Work request:
Look through the records and copy each line with the string "specific" in it.

Source information:
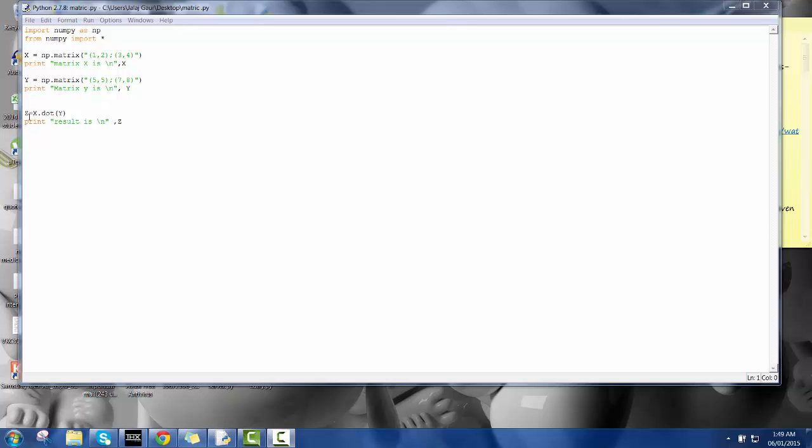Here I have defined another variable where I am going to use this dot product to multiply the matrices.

* * *

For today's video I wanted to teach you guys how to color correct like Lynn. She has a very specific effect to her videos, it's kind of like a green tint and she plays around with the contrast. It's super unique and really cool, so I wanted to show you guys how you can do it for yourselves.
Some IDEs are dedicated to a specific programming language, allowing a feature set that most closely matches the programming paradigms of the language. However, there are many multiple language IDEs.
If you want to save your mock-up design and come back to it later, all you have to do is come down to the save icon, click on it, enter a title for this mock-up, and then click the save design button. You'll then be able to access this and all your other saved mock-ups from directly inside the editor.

--

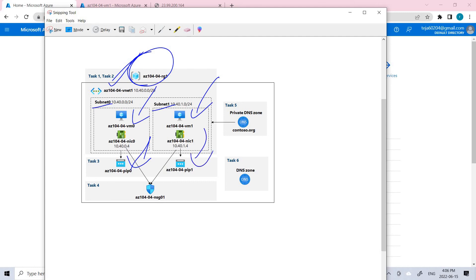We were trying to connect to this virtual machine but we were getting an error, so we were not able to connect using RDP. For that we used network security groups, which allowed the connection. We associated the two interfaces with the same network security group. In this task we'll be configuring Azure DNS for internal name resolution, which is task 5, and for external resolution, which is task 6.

Problem solution:
For today's video I wanted to teach you guys how to color correct like Lynn. She has a very specific effect to her videos, it's kind of like a green tint and she plays around with the contrast. It's super unique and really cool, so I wanted to show you guys how you can do it for yourselves.
Some IDEs are dedicated to a specific programming language, allowing a feature set that most closely matches the programming paradigms of the language. However, there are many multiple language IDEs.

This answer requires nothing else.